This guide is intended to strengthen the implementation of health promotion activities at the local level, placing health promotion on the political agenda of mayors and other local authorities… [I]t is hoped that efforts will be made to ensure healthy public policies, the maintenance of healthy environments, and the promotion of healthy lifestyle.
What is the Importance of Having a Kit for Mayors and Other Local Authorities?
…PAHO offers a basic set of tools with which mayors and other local authorities can begin to implement the HMC strategy…[T]his material does not by any means pretend to be a “prescription for, or key to, success”…Successful experiences have shown that there is no single best way to deal with problems that arise.

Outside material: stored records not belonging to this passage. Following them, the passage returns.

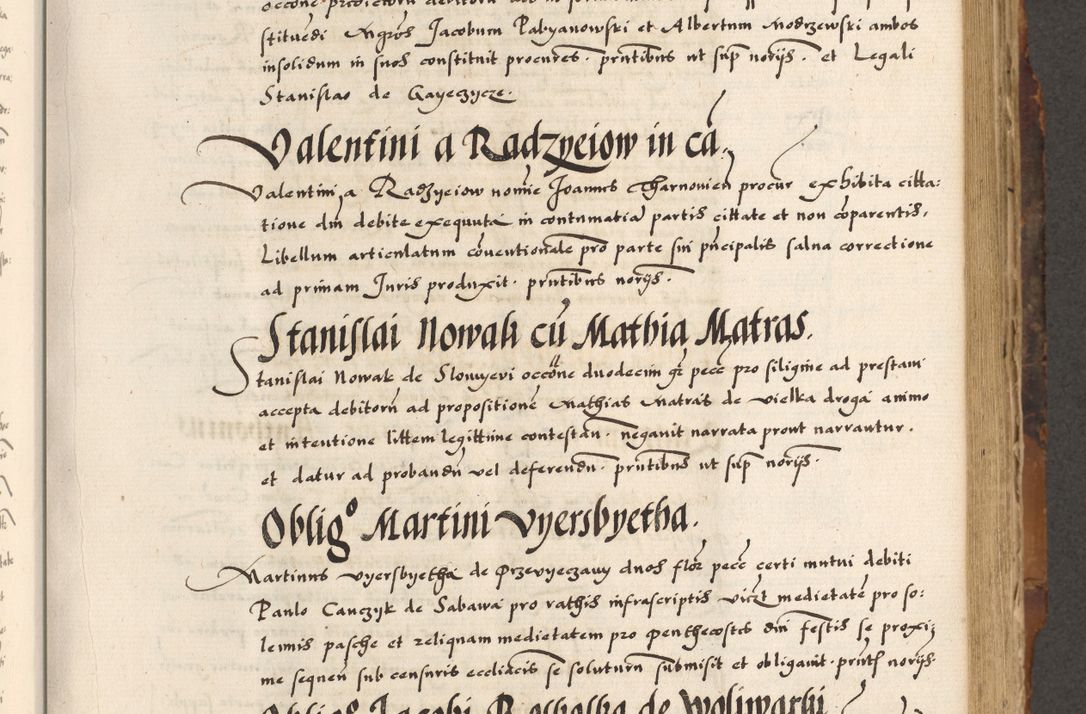 Zdjęcie nr 340 dla obiektu archiwalnego: Acta causarum, obligacionum, sentenciarum tam interlocutoriarum quam diffinitivarum constitutionumque coram reverendo patre domino Petro Porembski canonico et officiali generali Cracoviensi de anno Domini millesimo quingentesimo quadragesimo nono, cuius indictio septima, pontificatus sanctissimi in Christo patris et domini nostri domini Pauli divina providencia tercii, anno ipsius nacionis Pauli pape terciii die tercia mensis Novembris inchoatur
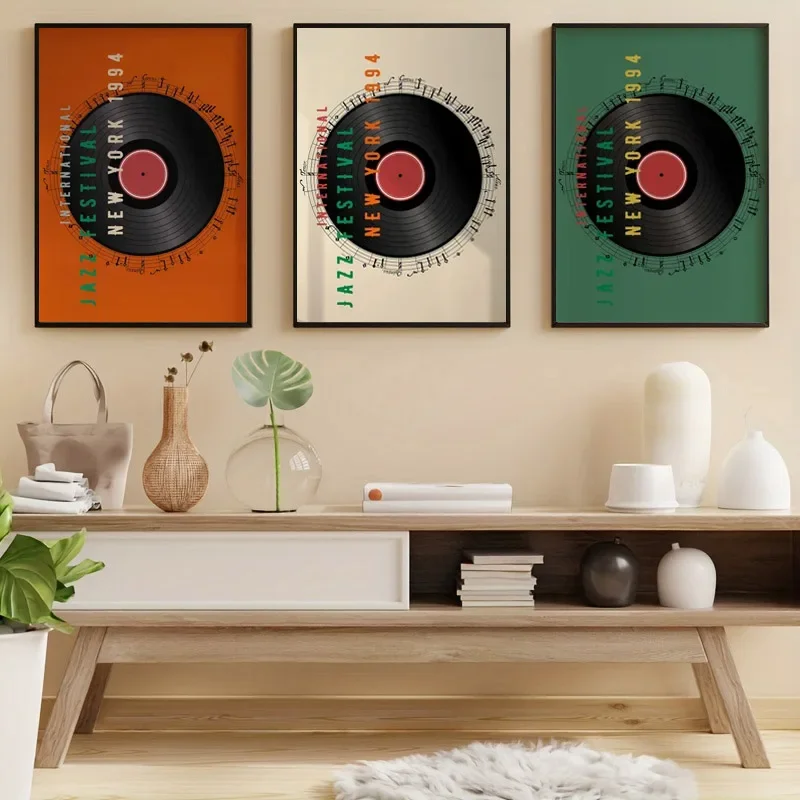 Poster Vintage Musica Jazz - Decorazione Parete 60x90 Cm Per Camera, Soggiorno E Ufficio - Foto 4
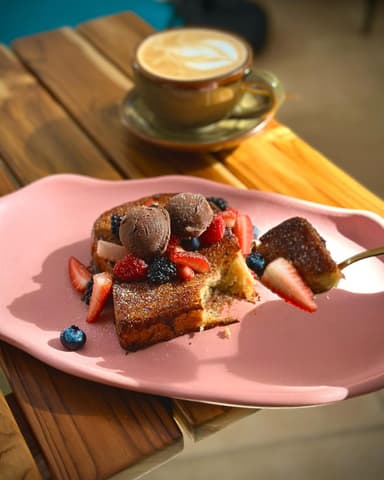 Pan Frances con Helado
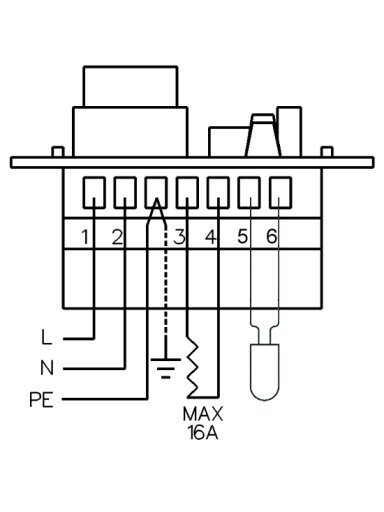 Elektroninis termostatas Comfort C501, 16 A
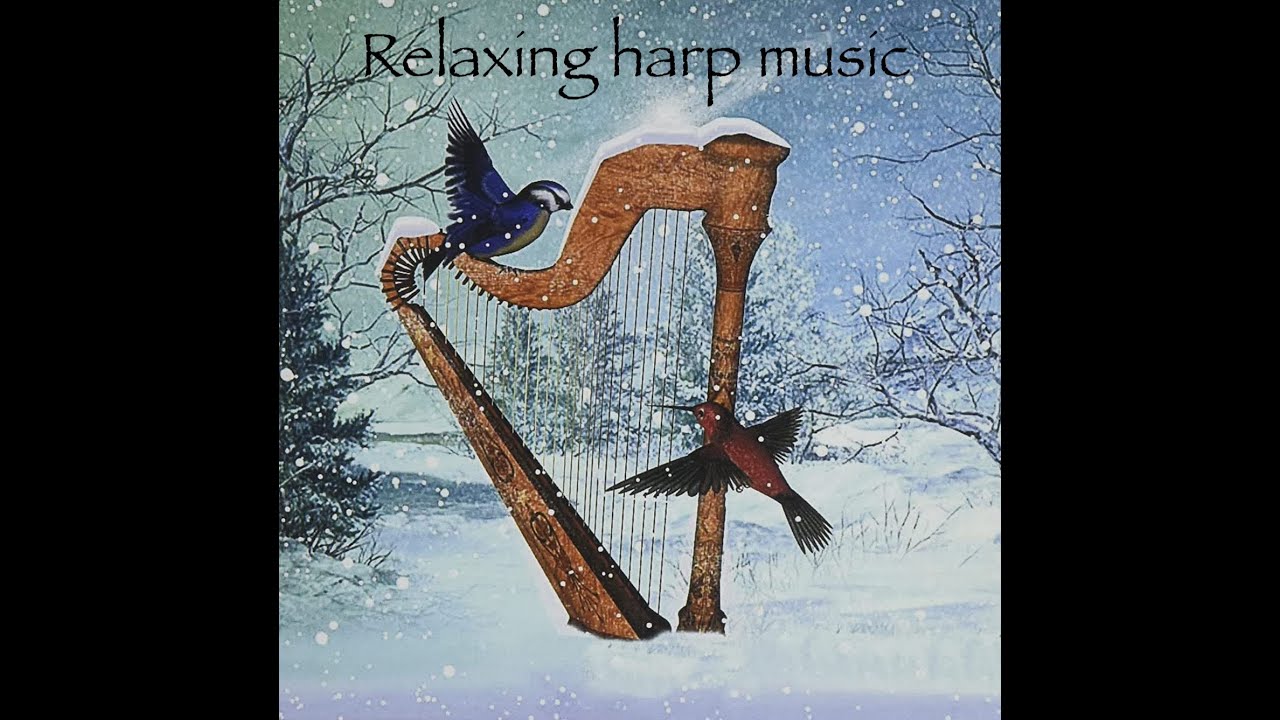 Relaxing harp music Winter forest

[L]ocal government is closest to the people and can use its resources to achieve major improvements in health and the quality of life. As the community’s representative, the municipal government is in the best position to involve politicians, administrators from other sectors, and the community itself in coordinating joint projects. Finally, at the local level it is possible to mobilize the collective will…
What is the Healthy Municipalities and Communities Strategy?
The mission of the Healthy Municipalities and Communities Strategy consists of improving the implementation of health promotion and protection activities at the local level and ensuring that such activities are accorded the highest political priority, thereby encouraging the participation of government authorities and the active participation of the community…[Its] objective is to promote health together with people and communities, in settings where they study, work, play, love, and live.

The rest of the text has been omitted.